PERTH, Australia -- The yearslong search for Malaysia Airlines Flight 370, the jetliner that mysteriously disappeared while flying over the Indian Ocean in 2014, may still be going on, but it's led investigators to something else of interest: two 19th-century shipwrecks.
While searching for the doomed plane, the Australian Transport Safety Bureau (ATSB) came across the wreckage of two merchant vessels more than 1,400 miles off the coast of Western Australia. An ATSB search party identified the wreckage in 2015 and called upon the Western Australian Museum to investigate further.
According to Dr. Ross Anderson, the museum's curator of maritime archaeology, the two wreck sites were found approximately 22 miles apart. While both ships are believed to have carried cargoes of coal and crews of up to 30 men, one vessel was made of wood and one of iron.

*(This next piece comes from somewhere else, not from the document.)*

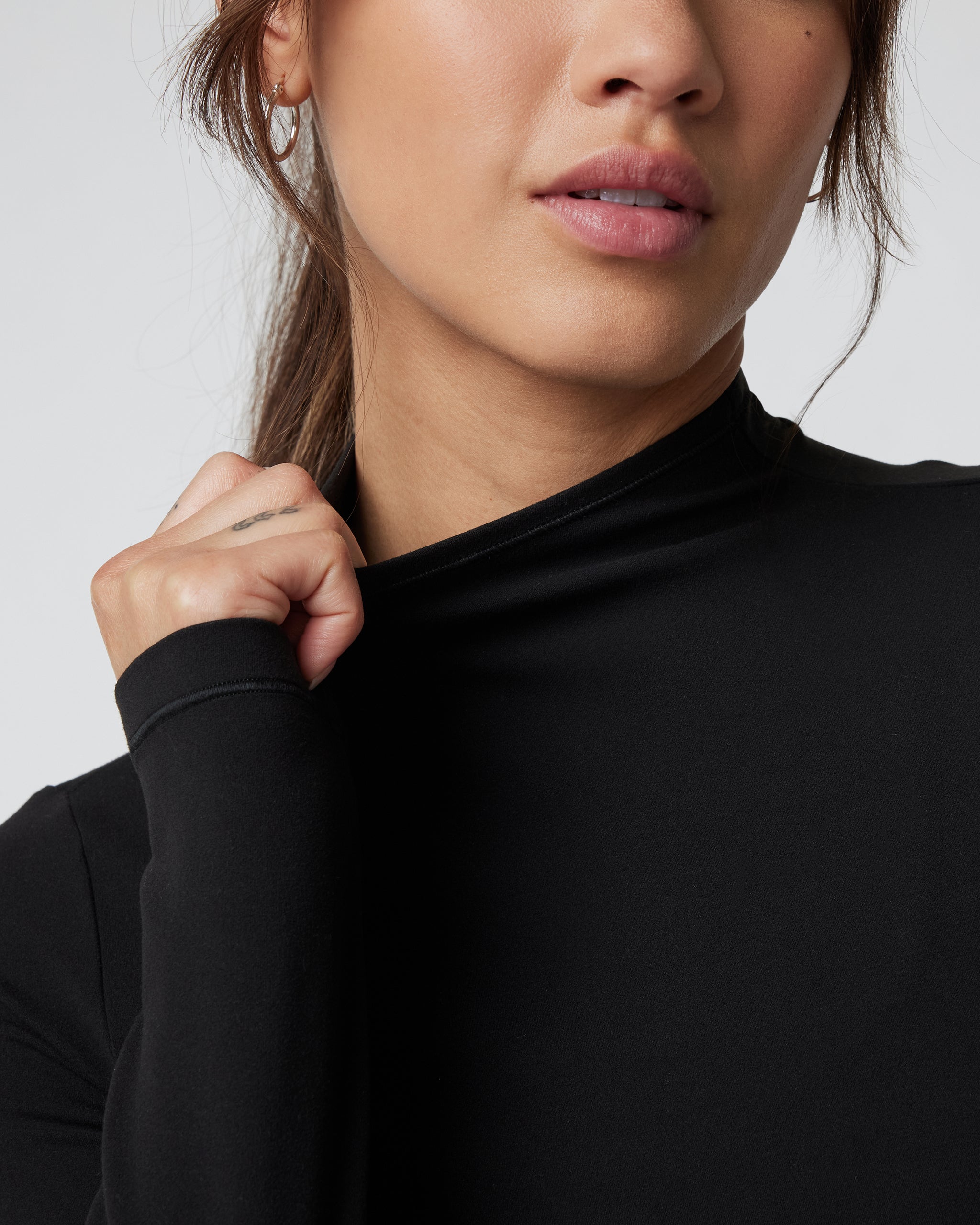 Vuori AllTheFeels™ Long Sleeve Mock | Black - Image 4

By the time the wreckage was discovered, the hull structures and timber from the wooden ship had largely disintegrated, leaving behind only the coal from the payload and anchors, fittings and other metal objects.

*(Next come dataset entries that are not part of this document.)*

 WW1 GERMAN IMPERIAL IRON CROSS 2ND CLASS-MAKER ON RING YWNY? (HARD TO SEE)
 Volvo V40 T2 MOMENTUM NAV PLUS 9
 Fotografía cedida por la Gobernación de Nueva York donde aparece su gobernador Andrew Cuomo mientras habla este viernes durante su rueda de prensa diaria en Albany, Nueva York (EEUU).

"The evidence points to the ship sinking as a result of a catastrophic event such as [an] explosion, which was common in the transport of coal cargoes," Anderson said in a news release.
The iron ship was more intact, and scientists were able to clearly identify its deck rails, portholes, stanchions and other features.

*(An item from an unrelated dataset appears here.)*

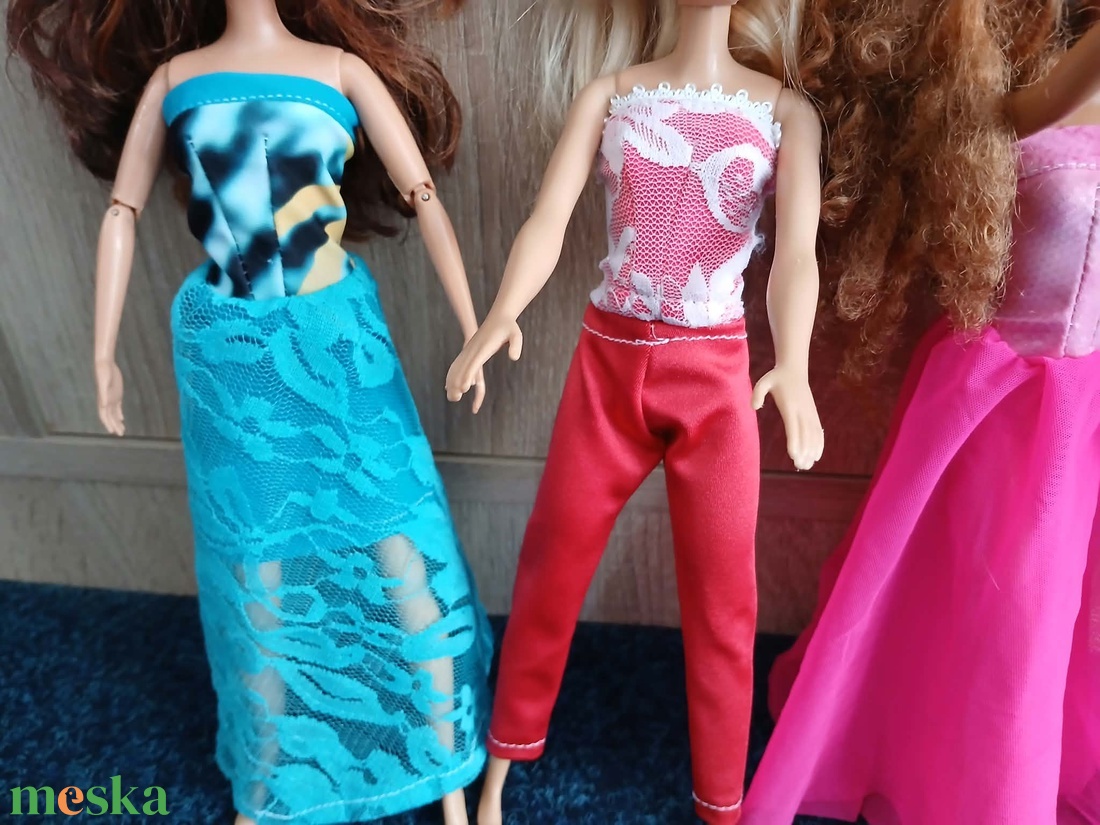 4 darabos kézműves Barbie ruha csomag � Egyedi, kézzel készített babaruha szett (1.) - játék & sport - baba & babaház - barbie ruhák - Meska.hu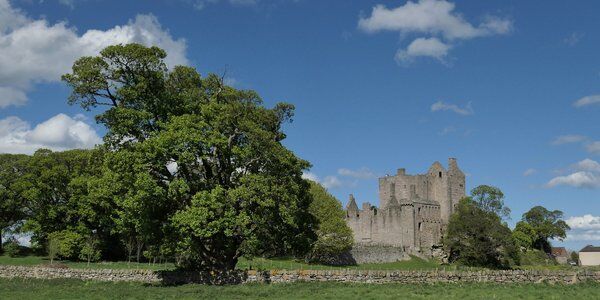 Craigmillar Castle 9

According to Anderson, incomplete shipping records make it impossible to conclusively identify the two ships, though they likely belonged to British shipping companies.
"For the wooden ship, the brig W. Gordon and the barque Magdala are two possible candidates; for the iron ship the barques Kooringa (1894), Lake Ontario (1897) and West Ridge (1883) are possible, with the West Ridge best fitting the evidence," Anderson added.
The same search also turned up wreckage from two fishing trawlers that sank in the late 20th century, though those wreck sites were not further examined.
MH370, the original target of the search, disappeared March 8, 2014, while flying from Kuala Lumpur, Malaysia, to Beijing with more than 200 passengers and crew aboard. Investigators believe it crashed into the southern end of the Indian Ocean, though a yearslong search for the wreckage turned up mainly crash debris that washed ashore as far away as East Africa.